7.4 The byte compiler

The ** compiler** package, written by R Core member Luke Tierney has been part of R since version 2.13.0. Since R 2.14.0, all of the standard functions and packages in base R are pre-compiled into byte-code. This is illustrated by the base function mean:

mean
## function (x, ...) 
## UseMethod("mean")
## <bytecode: 0x70ef3d0>
## <environment: namespace:base>

The third line contains the bytecode of the function. This means that the compiler package has translated the R function into another language that can be interpreted by a very fast interpreter.

The compiler package allows R functions to be compiled, resulting in a byte code version that may run faster20. The compilation process eliminates a number of costly operations the interpreter has to perform, such as variable lookup. Amazingly the compiler package is almost entirely pure R, with just a few C support routines.

7.4.1 Example: the mean function

The compiler package comes with R, so we just need to load the package in the usual way

library("compiler")

Next we create an inefficient function for calculating the mean. This function takes in a vector, calculates the length and then updates the total variable.

my_mean = function(x) {
  total = 0
  n = length(x)
  for(i in 1:n)
    total = total + x[i]/n
  total
}

This is clearly a bad function and we should just mean function, but it’s a useful comparison. Compiling the function is straightforward

cmp_mean = cmpfun(my_mean)

Then we use the benchmark function to compare the three variants

## Generate some data
x = rnorm(100)
benchmark(my_mean(x), cmp_mean(x), mean(x), 
          columns=c("test", "elapsed", "relative"),
          order="relative", replications=5000)

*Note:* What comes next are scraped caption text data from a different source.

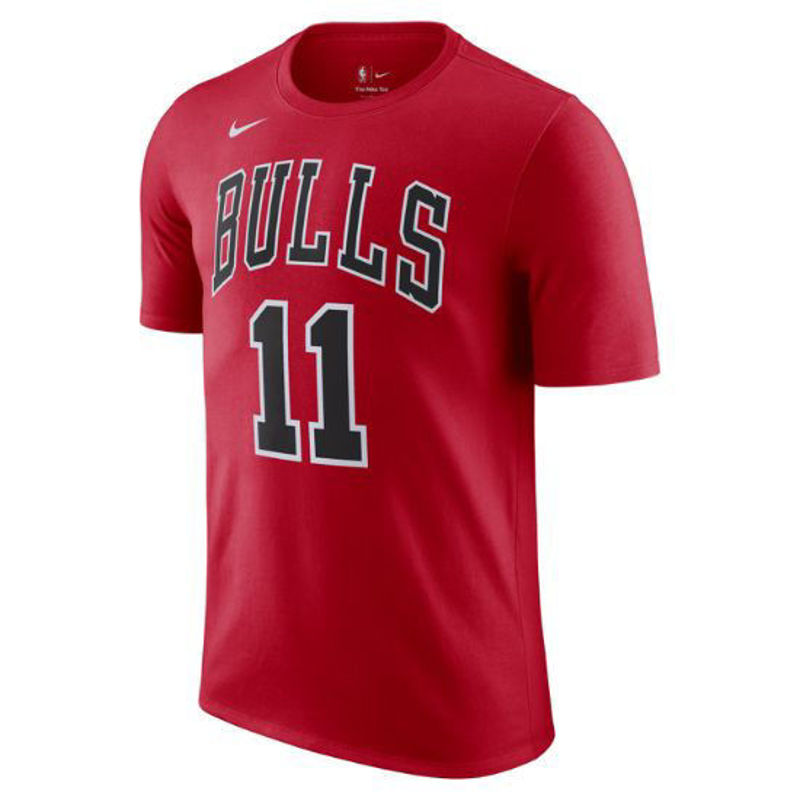Picture of NIKE DEROZAN BULLS TEE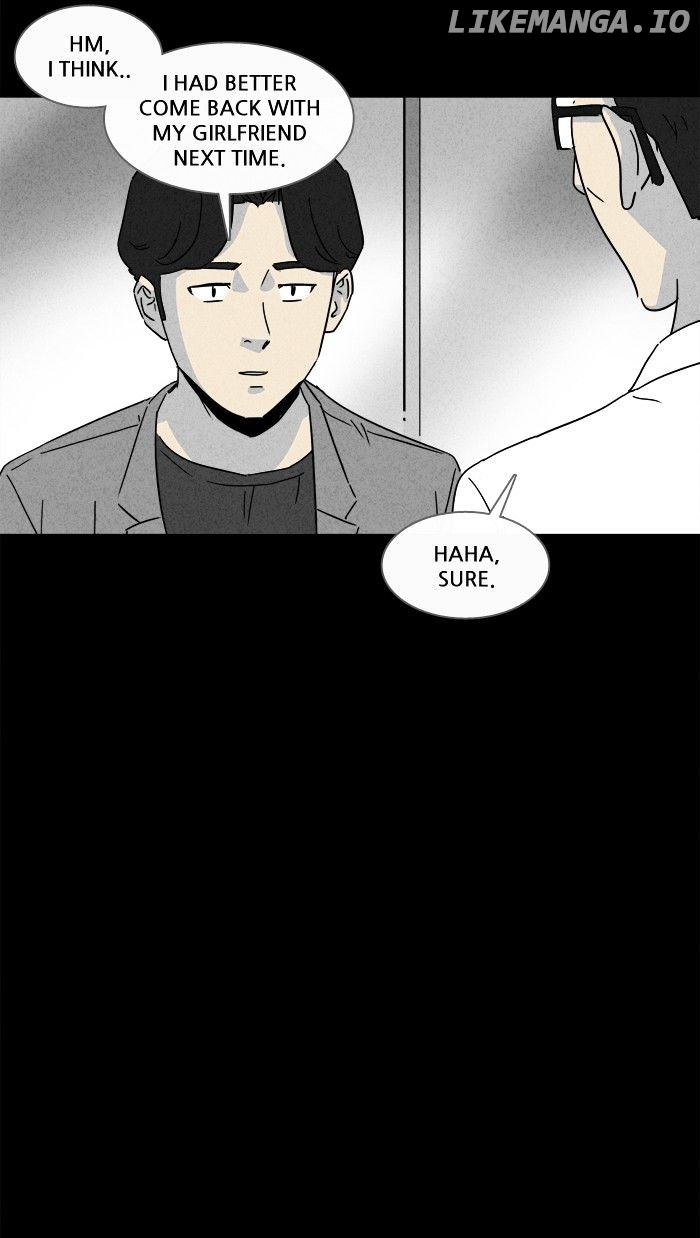 Tales of the unusual chapter 159 - page 9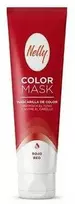 Nelly spalvos kaukė, 60 ml Rojo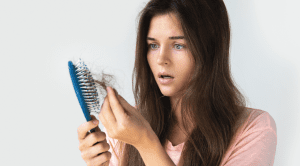 Can Eczema Cause Hair Loss?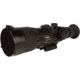Trijicon Electro Optics IR-HUNTER Type 2 60mm Thermal Rifle Scope 640x480 60 Hz, Black, HUNTER-60-2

The compiled function is around seven times faster than the uncompiled function. Of course, the native mean function is faster, but the compiling does make a significant difference (figure 7.4).

Comparsion of mean functions.

Figure 7.4: Comparsion of mean functions.

7.4.2 Compiling code

There are a number of ways to compile code. The easiest is to compile individual function using cmpfun, but this obviously doesn’t scale. If you create a package, then you automatically compile the package on installation by adding

ByteCompile: true

to the DESCRIPTION file. Most R packages installed using install.packages are not compiled. We can enable (or force) packages to be compiled by starting R with the environment variable R_COMPILE_PKGS set to a positive integer value.

A final option to use just-in-time (JIT) compilation. The enableJIT function disables JIT compilation if the argument is 0. Arguments 1, 2, or 3 implement different levels of optimisation. JIT can also be enabled by setting the environment variable R_ENABLE_JIT, to one of these values.